_PROBLEM DETAILS_
From the first line to the last, retype the records exactly and skip the pictures.

_DATASET RECORDS_
= = =

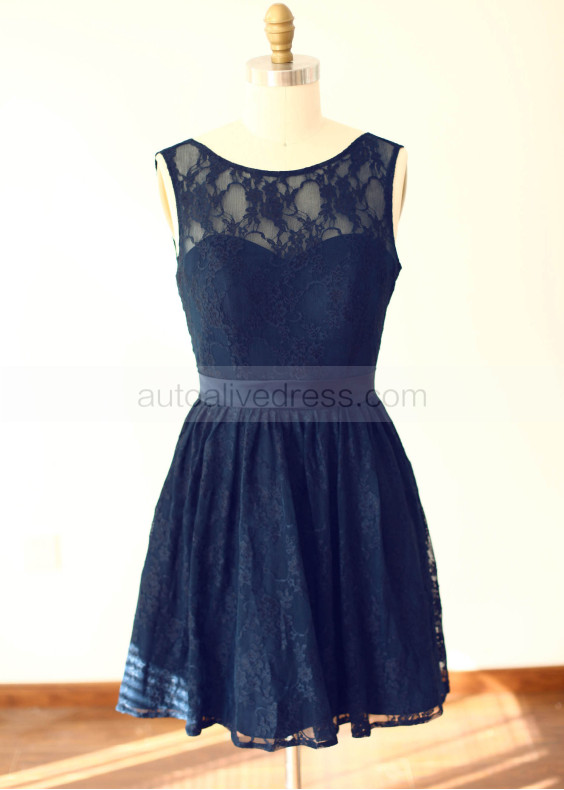 Navy Blue Lace V Back Short Bridesmaid Dress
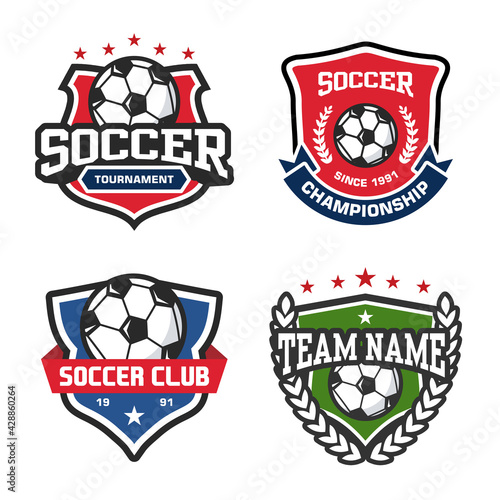 Set of Soccer club emblem. Football badge shield logo, soccer ball team game club elements, Vector Logo Illustration Fit to championship or team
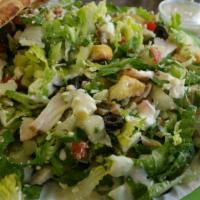 Greek Salad · Romaine lettuce, chunks of feta cheese, olives, tomatoes, red onions, bell pepper, cucumbers...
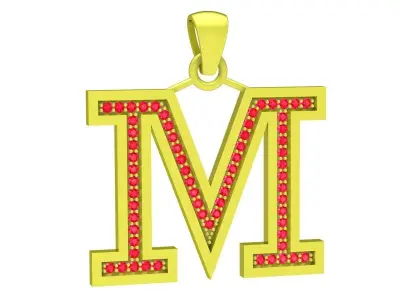 Luxury Letter M Initial Pendant 3D Jewelry Model 4101 3D print model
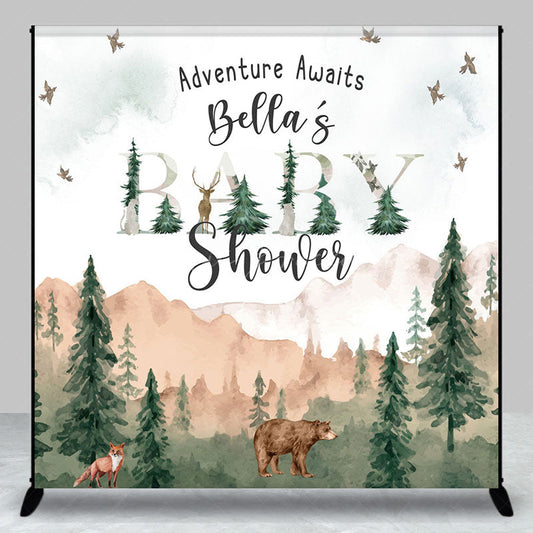 Lofaris Wild Forest Animals Custom Name Baby Shower Backdrop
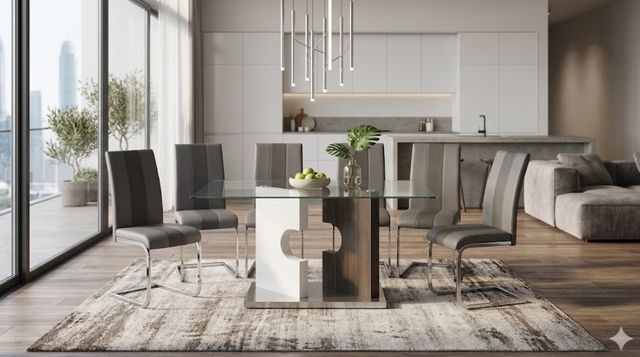 Global Furniture USA D219DT 7-Piece Gray Dining Set-1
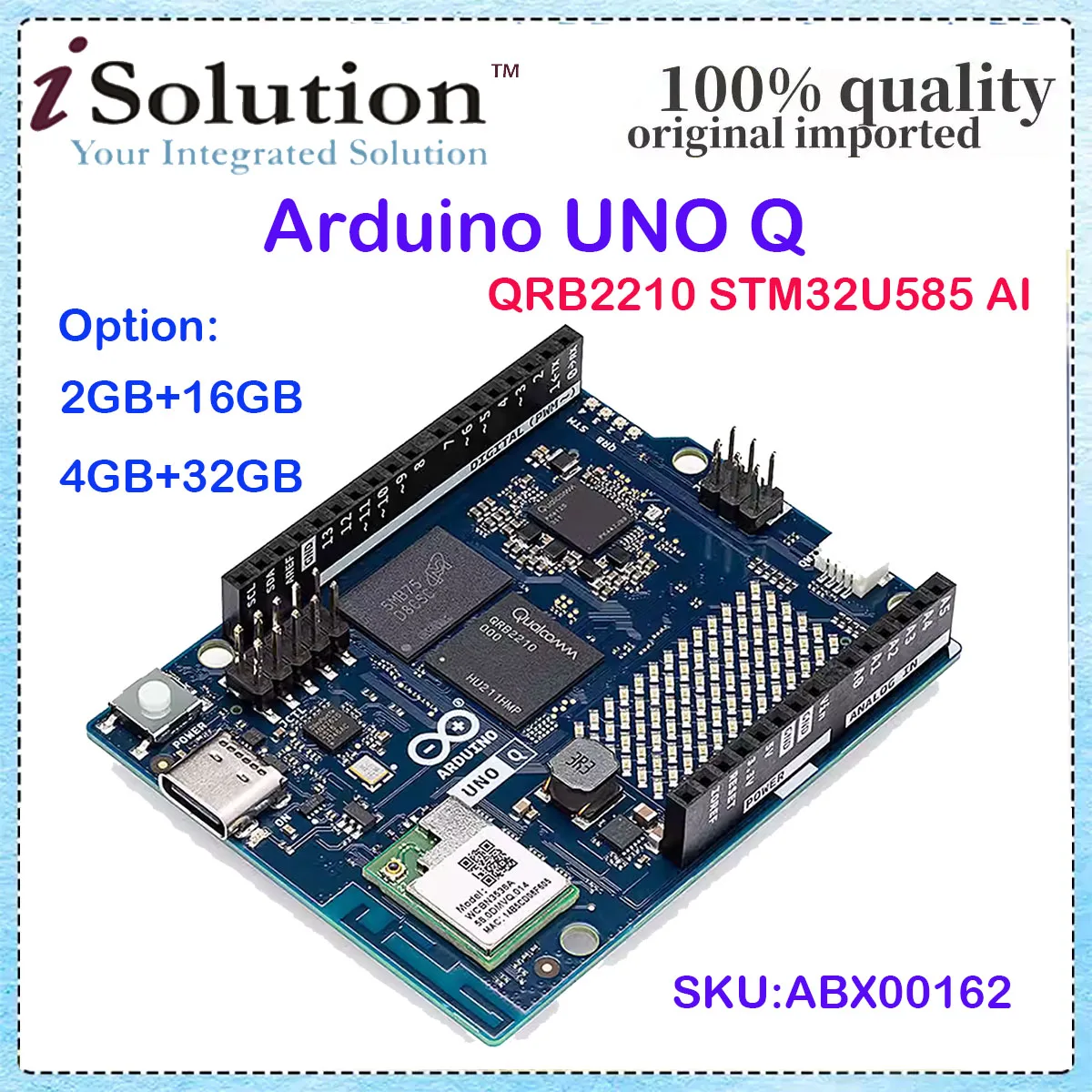 オリジナル Arduino UNO Q AI 開発ボード – オブジェクト認識、音声制御、モーション検出高性能コントローラー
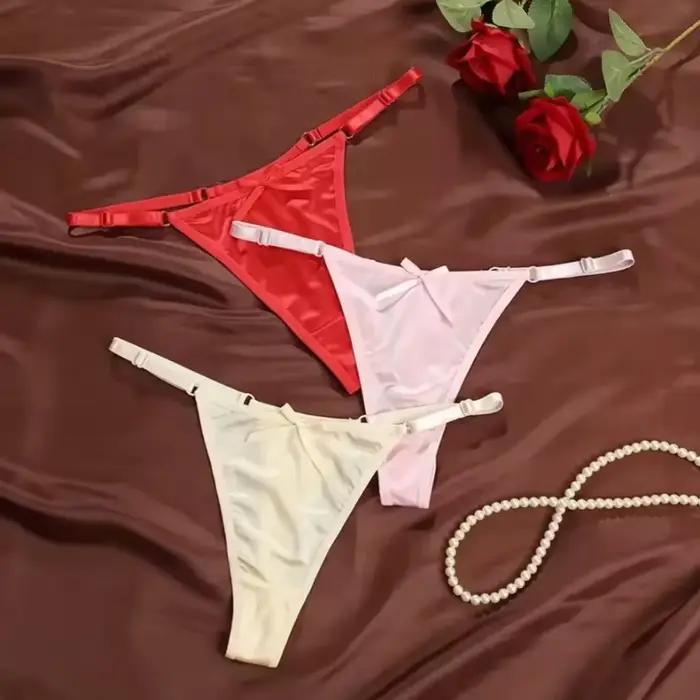 Femmes Sexy tache solide culottes confort taille basse petit nœud papillon bout à bout Bikini slips dame pur désir culotte érotique трусы жletiе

= = =

_SOLUTION BELOW_
 Navy Blue Lace V Back Short Bridesmaid Dress
 Set of Soccer club emblem. Football badge shield logo, soccer ball team game club elements, Vector Logo Illustration Fit to championship or team
 Greek Salad · Romaine lettuce, chunks of feta cheese, olives, tomatoes, red onions, bell pepper, cucumbers...
 Luxury Letter M Initial Pendant 3D Jewelry Model 4101 3D print model
 Lofaris Wild Forest Animals Custom Name Baby Shower Backdrop
 Global Furniture USA D219DT 7-Piece Gray Dining Set-1
 オリジナル Arduino UNO Q AI 開発ボード – オブジェクト認識、音声制御、モーション検出高性能コントローラー
 Femmes Sexy tache solide culottes confort taille basse petit nœud papillon bout à bout Bikini slips dame pur désir culotte érotique трусы жletiе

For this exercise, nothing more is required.